> _Provided data_:
*** Begin section ***
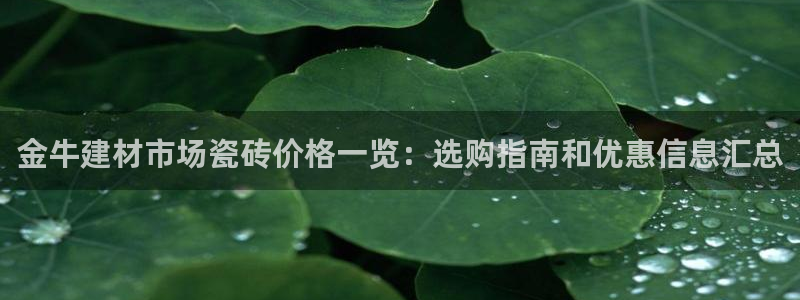 杏鑫官方平台怎么样啊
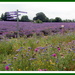 Mayfield Lavender Farm and wildflowers. by grace55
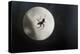 Silhouette of a Spider in the Back Light in Front of the Round Arachnida-Falk Hermann-Premier Image Canvas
*** End section ***
> _Task to complete_:
An exact copy of the lines from the line containing "Mayfield Lavender Farm" through the final line of the listing, without pictures, is the expected result.

> _Result_:
 Mayfield Lavender Farm and wildflowers. by grace55
 Silhouette of a Spider in the Back Light in Front of the Round Arachnida-Falk Hermann-Premier Image Canvas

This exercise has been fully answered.